Beyond the Pill
The patch is a highly effective, weekly hormonal birth control patch that is worn on the skin to prevent pregnancy. The patch is especially good for those who have a hard time remembering to take a pill each day. It is safe for use in healthy nonsmokers, from teens to women in their 40s. It is, in essence, the pill in patch form—the hormones are the same, but the delivery method is different, since the hormones are absorbed through your skin. It is worn for one week and replaced on the same day of the week for three consecutive weeks, with the fourth week "patch-free." The patch is a very thin, beige, smooth square that measures 1-3/4 inch on each of its four sides. It can be worn on the arms, buttocks or abdomen. It has the same health risks, benefits and side effects as the pill. A few women have mild skin irritation from the patch adhesive.
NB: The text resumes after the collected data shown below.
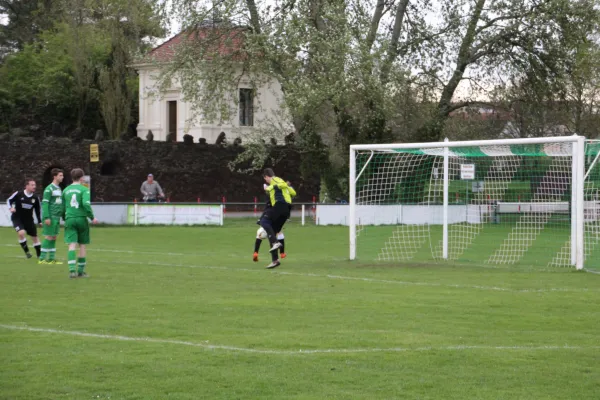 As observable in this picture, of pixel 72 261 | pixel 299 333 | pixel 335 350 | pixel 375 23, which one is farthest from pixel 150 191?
pixel 335 350

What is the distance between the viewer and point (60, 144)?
4709 cm

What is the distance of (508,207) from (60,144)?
90.6ft

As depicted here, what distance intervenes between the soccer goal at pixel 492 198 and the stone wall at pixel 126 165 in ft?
58.2

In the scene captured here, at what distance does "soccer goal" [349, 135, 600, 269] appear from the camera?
20.5 meters

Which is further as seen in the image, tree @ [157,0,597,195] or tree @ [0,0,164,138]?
tree @ [0,0,164,138]

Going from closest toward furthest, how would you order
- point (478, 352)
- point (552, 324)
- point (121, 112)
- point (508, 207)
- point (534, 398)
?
point (534, 398)
point (478, 352)
point (552, 324)
point (508, 207)
point (121, 112)

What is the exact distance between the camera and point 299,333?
10508 millimetres

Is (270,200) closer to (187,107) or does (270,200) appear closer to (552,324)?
(552,324)

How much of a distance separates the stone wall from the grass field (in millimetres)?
28536

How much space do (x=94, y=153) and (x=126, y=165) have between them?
5.60ft

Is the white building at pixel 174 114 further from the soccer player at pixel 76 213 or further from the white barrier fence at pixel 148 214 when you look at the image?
the soccer player at pixel 76 213

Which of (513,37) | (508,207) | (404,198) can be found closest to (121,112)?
(513,37)

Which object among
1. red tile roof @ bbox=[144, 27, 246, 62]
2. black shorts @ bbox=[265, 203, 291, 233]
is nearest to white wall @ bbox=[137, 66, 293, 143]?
red tile roof @ bbox=[144, 27, 246, 62]

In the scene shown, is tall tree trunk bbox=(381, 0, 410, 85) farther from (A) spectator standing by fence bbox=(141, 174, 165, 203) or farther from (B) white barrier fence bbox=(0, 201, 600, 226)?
(A) spectator standing by fence bbox=(141, 174, 165, 203) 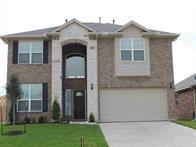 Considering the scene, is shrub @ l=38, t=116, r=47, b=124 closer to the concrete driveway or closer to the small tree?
the small tree

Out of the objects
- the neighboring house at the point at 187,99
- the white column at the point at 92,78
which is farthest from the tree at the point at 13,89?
the neighboring house at the point at 187,99

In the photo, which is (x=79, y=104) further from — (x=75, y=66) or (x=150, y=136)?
(x=150, y=136)

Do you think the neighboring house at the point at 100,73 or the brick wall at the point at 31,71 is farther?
the brick wall at the point at 31,71

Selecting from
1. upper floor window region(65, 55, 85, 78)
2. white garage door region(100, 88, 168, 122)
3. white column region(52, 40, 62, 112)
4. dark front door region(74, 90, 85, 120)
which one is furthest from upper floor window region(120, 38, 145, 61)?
white column region(52, 40, 62, 112)

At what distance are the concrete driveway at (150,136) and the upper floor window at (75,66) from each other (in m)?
6.53

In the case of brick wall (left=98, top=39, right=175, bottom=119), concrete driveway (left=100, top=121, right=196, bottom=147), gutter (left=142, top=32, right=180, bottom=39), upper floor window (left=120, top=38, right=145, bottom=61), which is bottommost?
concrete driveway (left=100, top=121, right=196, bottom=147)

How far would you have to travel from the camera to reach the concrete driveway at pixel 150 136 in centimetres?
1423

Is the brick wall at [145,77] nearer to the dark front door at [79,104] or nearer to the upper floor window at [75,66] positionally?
the upper floor window at [75,66]

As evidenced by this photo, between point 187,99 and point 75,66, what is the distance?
11.8 m

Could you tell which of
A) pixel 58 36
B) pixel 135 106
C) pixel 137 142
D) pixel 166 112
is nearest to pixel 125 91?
pixel 135 106

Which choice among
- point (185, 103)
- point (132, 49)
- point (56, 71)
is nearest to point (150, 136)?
point (132, 49)

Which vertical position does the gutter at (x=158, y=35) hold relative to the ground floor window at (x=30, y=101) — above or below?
above

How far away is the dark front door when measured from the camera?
24.2 metres

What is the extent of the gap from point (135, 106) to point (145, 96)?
1.05 m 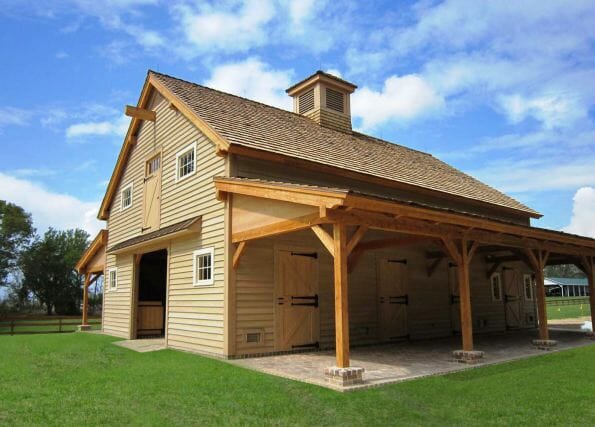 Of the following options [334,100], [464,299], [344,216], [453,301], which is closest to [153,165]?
[334,100]

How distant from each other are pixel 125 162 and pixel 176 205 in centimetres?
510

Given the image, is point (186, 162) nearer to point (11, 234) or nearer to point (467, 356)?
point (467, 356)

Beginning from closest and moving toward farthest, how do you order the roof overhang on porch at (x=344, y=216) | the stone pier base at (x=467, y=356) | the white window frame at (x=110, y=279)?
the roof overhang on porch at (x=344, y=216) → the stone pier base at (x=467, y=356) → the white window frame at (x=110, y=279)

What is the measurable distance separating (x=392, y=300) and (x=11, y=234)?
136 ft

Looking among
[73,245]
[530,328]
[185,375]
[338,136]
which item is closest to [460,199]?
[338,136]

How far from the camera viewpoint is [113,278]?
1681 cm

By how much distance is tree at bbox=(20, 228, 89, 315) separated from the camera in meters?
43.2

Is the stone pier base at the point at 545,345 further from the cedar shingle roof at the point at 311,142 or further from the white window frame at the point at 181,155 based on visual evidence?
the white window frame at the point at 181,155

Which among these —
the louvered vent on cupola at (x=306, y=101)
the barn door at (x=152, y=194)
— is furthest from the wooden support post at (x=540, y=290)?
the barn door at (x=152, y=194)

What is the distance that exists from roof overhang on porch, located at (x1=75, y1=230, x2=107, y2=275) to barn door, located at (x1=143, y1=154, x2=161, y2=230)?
4.34 meters

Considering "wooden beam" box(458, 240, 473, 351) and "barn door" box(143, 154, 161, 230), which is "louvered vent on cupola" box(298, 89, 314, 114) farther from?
"wooden beam" box(458, 240, 473, 351)

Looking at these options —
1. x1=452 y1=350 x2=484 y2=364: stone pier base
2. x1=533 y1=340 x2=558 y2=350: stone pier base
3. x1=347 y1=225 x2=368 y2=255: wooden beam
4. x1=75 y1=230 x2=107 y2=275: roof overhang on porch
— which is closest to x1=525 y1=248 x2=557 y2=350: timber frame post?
x1=533 y1=340 x2=558 y2=350: stone pier base

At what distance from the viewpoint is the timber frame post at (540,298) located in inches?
450

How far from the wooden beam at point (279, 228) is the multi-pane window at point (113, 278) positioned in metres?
8.13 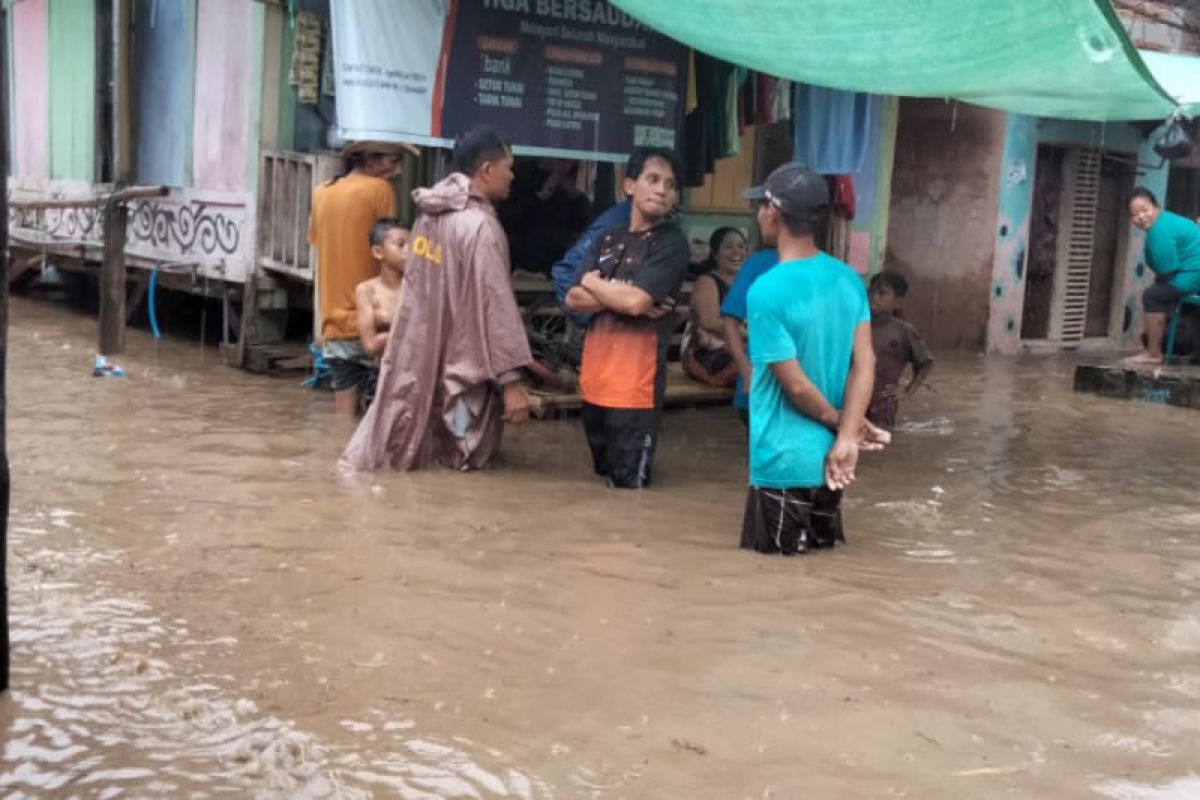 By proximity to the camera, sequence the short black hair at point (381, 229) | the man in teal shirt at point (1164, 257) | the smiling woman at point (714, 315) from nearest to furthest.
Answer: the short black hair at point (381, 229) < the smiling woman at point (714, 315) < the man in teal shirt at point (1164, 257)

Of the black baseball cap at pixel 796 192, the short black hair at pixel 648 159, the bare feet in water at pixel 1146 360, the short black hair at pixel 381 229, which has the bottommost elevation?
the bare feet in water at pixel 1146 360

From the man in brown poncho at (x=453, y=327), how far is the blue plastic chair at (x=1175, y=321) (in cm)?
680

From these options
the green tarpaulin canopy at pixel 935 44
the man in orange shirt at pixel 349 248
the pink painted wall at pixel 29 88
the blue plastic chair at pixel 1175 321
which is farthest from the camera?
the pink painted wall at pixel 29 88

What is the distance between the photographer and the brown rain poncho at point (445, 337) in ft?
19.8

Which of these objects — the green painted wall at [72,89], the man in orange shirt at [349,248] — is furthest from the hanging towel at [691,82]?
the green painted wall at [72,89]

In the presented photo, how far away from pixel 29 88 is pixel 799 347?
390 inches

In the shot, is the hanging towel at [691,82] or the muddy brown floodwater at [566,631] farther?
the hanging towel at [691,82]

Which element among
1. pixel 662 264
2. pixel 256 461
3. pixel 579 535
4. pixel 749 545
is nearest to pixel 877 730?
pixel 749 545

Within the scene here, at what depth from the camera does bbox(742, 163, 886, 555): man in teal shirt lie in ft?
15.5

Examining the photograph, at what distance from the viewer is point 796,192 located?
479 centimetres

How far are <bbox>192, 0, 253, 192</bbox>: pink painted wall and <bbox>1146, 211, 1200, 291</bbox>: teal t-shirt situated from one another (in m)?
6.98

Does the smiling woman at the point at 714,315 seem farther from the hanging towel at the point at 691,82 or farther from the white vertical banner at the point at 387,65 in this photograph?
the white vertical banner at the point at 387,65

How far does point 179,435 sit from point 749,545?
3252 mm

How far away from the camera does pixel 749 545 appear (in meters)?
5.09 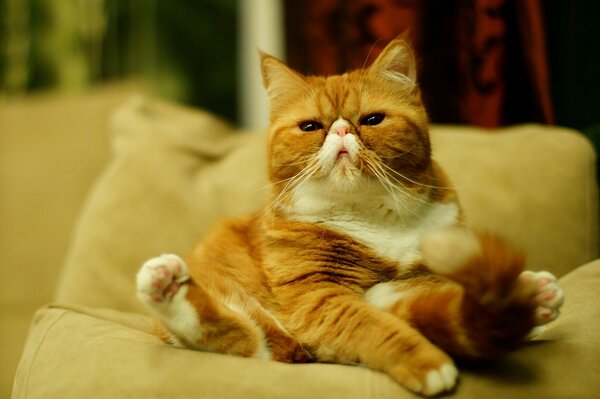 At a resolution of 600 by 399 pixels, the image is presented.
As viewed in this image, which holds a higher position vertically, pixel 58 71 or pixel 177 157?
pixel 58 71

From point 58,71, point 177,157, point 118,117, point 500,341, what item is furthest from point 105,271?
point 58,71

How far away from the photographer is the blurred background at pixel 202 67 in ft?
5.79

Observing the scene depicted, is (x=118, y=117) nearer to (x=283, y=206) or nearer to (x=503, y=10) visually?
(x=283, y=206)

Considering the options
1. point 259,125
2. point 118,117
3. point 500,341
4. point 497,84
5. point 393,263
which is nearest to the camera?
point 500,341

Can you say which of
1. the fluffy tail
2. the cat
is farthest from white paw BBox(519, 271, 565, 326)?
the fluffy tail

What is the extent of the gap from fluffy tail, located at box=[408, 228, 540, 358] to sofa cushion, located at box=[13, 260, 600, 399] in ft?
0.20

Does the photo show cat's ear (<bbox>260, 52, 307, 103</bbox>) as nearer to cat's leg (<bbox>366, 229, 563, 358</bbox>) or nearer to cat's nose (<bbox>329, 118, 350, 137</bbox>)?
cat's nose (<bbox>329, 118, 350, 137</bbox>)

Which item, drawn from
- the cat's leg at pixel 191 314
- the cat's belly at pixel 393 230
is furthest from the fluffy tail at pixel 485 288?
the cat's leg at pixel 191 314

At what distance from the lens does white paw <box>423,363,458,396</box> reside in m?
0.79

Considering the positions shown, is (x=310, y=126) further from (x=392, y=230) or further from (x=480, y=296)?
(x=480, y=296)

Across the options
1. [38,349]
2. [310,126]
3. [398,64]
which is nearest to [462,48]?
[398,64]

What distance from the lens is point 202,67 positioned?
9.27 ft

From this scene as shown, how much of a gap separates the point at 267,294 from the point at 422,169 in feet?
1.26

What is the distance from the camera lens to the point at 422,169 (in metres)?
1.13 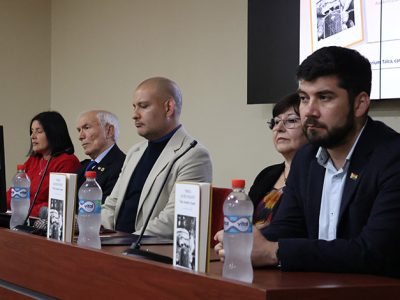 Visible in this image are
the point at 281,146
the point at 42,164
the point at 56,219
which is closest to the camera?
the point at 56,219

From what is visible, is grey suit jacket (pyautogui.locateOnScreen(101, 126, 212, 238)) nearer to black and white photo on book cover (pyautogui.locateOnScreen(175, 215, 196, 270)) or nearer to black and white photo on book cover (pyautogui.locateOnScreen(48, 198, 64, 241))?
black and white photo on book cover (pyautogui.locateOnScreen(48, 198, 64, 241))

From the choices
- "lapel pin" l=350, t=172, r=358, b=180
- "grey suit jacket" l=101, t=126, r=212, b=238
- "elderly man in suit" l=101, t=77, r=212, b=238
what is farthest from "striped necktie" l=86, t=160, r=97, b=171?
"lapel pin" l=350, t=172, r=358, b=180

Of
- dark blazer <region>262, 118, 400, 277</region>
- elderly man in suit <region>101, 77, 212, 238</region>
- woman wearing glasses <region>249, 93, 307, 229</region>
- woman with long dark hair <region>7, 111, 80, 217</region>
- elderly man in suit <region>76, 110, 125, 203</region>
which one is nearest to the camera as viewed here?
dark blazer <region>262, 118, 400, 277</region>

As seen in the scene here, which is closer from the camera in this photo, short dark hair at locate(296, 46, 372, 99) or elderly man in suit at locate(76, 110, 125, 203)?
short dark hair at locate(296, 46, 372, 99)

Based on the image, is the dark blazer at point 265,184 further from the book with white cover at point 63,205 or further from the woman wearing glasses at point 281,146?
the book with white cover at point 63,205

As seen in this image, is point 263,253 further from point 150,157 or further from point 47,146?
point 47,146

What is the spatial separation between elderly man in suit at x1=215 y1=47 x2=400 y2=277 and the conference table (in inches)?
2.8

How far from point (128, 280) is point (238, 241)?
14.4 inches

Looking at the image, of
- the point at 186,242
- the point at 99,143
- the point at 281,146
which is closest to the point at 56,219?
the point at 186,242

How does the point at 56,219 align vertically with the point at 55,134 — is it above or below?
below

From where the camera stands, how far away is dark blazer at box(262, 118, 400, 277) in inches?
74.9

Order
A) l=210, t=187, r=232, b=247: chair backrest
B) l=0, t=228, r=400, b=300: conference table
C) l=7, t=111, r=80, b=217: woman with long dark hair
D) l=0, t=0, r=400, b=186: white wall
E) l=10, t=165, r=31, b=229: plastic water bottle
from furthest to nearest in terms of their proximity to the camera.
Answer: l=0, t=0, r=400, b=186: white wall
l=7, t=111, r=80, b=217: woman with long dark hair
l=210, t=187, r=232, b=247: chair backrest
l=10, t=165, r=31, b=229: plastic water bottle
l=0, t=228, r=400, b=300: conference table

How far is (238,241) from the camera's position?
1845 mm

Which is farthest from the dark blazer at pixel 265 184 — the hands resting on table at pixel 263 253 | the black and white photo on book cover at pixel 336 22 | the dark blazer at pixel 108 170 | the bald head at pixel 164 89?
the hands resting on table at pixel 263 253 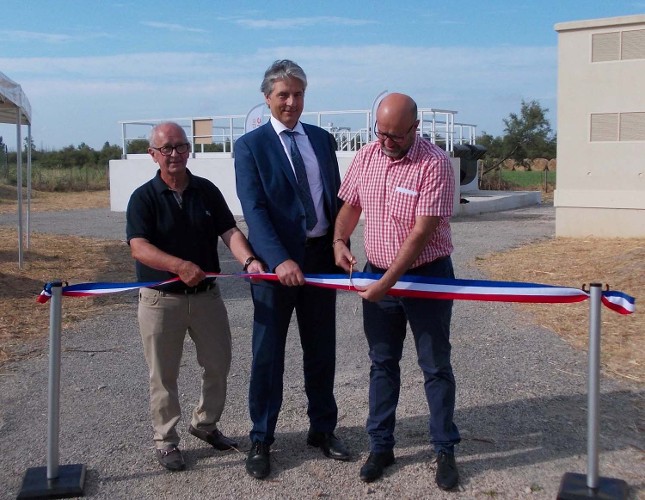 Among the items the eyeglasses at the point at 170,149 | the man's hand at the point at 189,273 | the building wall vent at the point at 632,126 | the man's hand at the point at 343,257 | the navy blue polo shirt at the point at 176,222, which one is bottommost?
the man's hand at the point at 189,273

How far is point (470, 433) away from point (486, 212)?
19.5 metres

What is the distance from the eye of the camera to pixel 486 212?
23.8 meters

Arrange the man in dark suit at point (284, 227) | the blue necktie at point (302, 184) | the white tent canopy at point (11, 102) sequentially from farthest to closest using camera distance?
the white tent canopy at point (11, 102) < the blue necktie at point (302, 184) < the man in dark suit at point (284, 227)

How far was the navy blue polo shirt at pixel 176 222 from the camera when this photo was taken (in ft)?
14.1

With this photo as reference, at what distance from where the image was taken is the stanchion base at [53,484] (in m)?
4.07

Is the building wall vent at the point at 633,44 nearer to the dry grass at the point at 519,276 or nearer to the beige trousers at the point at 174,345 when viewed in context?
the dry grass at the point at 519,276

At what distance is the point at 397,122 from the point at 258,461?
6.59 feet

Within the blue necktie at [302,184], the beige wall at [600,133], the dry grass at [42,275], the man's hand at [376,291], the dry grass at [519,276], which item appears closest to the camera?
the man's hand at [376,291]

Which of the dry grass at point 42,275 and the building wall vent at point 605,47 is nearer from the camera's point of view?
the dry grass at point 42,275

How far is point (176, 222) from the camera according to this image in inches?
172

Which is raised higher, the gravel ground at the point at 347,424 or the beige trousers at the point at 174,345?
the beige trousers at the point at 174,345

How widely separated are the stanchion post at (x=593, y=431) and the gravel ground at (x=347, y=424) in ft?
0.60

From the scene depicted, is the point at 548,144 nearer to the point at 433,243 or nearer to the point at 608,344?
the point at 608,344

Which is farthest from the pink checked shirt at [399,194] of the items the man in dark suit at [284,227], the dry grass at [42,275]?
the dry grass at [42,275] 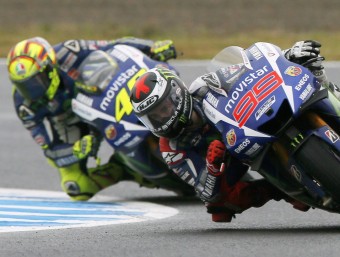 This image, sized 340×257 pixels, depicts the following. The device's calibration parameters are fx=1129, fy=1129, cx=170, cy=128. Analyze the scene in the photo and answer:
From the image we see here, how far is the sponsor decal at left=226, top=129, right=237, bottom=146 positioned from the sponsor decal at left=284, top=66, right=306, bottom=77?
52 cm

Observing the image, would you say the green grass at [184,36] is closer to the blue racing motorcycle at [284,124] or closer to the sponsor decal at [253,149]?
the blue racing motorcycle at [284,124]

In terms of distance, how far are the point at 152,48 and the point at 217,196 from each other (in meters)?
3.61

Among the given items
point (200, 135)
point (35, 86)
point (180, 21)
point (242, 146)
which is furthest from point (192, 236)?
point (180, 21)

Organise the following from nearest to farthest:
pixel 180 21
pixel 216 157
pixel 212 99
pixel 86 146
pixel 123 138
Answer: pixel 216 157 → pixel 212 99 → pixel 123 138 → pixel 86 146 → pixel 180 21

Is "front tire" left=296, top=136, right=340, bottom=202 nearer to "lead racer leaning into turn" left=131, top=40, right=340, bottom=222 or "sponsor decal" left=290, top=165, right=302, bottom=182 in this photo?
"sponsor decal" left=290, top=165, right=302, bottom=182

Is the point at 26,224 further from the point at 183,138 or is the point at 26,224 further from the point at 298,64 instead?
the point at 298,64

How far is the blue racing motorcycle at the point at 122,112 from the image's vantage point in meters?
10.2

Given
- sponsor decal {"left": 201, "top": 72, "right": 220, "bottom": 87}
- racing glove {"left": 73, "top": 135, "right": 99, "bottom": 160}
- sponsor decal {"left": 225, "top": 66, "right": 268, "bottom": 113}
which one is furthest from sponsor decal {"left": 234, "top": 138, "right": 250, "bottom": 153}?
racing glove {"left": 73, "top": 135, "right": 99, "bottom": 160}

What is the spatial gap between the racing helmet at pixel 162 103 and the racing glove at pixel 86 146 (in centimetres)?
302

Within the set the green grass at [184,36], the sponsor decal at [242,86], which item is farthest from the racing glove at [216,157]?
the green grass at [184,36]

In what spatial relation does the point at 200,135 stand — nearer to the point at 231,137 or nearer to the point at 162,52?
the point at 231,137

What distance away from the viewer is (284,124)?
7102 mm

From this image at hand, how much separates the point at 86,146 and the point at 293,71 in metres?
3.76

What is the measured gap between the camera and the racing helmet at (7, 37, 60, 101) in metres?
10.7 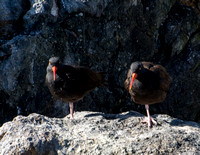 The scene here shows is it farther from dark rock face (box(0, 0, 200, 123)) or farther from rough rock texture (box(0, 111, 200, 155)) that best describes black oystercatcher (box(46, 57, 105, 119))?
dark rock face (box(0, 0, 200, 123))

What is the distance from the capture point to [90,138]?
4.51m

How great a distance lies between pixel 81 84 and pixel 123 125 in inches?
61.2

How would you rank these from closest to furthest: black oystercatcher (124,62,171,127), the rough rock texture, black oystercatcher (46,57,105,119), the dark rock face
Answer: the rough rock texture < black oystercatcher (124,62,171,127) < black oystercatcher (46,57,105,119) < the dark rock face

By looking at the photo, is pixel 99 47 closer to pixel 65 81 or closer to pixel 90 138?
pixel 65 81

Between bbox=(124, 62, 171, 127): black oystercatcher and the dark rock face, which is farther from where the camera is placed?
the dark rock face

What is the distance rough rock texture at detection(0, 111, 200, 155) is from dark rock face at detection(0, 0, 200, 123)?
2519mm

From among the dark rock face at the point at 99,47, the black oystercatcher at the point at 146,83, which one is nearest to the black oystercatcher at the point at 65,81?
the black oystercatcher at the point at 146,83

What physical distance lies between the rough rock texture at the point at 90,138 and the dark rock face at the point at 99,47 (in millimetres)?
2519

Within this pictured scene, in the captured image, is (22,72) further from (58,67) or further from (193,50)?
(193,50)

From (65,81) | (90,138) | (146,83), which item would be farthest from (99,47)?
(90,138)

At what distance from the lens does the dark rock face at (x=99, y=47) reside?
7254 mm

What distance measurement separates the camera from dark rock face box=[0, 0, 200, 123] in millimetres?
7254

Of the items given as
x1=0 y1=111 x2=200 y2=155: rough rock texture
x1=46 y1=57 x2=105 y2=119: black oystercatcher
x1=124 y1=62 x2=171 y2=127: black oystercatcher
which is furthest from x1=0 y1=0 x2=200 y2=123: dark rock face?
x1=0 y1=111 x2=200 y2=155: rough rock texture

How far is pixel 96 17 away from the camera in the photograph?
26.0 feet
The Vaginal ring is a flexible ring worn in the vagina. It is folded and inserted high into the vagina, where it slowly releases estrogen and progestin. These hormones are absorbed into the bloodstream. Each ring is made of a type of vinyl and should be worn for three weeks out of the month. The ring is about two inches in diameter, and one size fits all women. The exact positioning of the ring within the vagina is not critical for it to work, because it is not a barrier method and therefore cannot be incorrectly inserted within the vagina. Like the patch, it is in essence the pill in ring form—the hormones are the same, but the delivery method is different, since the hormones are absorbed through your vagina. It has the same health risks, benefits and side effects as the pill. Additional side effects may include vaginal discharge, infection or irritation in small numbers of women.
IUDs are an excellent form of birth control for monogamous women who want a more long-term method that they do not have to think about every day. IUDs can last from 5-10 years depending upon the type you choose. IUDs got a bad rap in the '60s, when they were associated with pelvic infections and infertility. Today's IUDs are safer, and we have learned that Chlamydia was the real culprit in pelvic infections. Today's IUDs are safe for use as long as you are monogamous and therefore not at risk to acquire a sexually transmitted infection. They are inserted with a simple office procedure that takes only a few minutes. The IUD is a great method if you are done with childbearing, or do not want children, yet may not want permanent sterilization. It is also a good choice if you have medical contraindications to hormonal contraception, such as high blood pressure, heart disease, or a history of blood clots.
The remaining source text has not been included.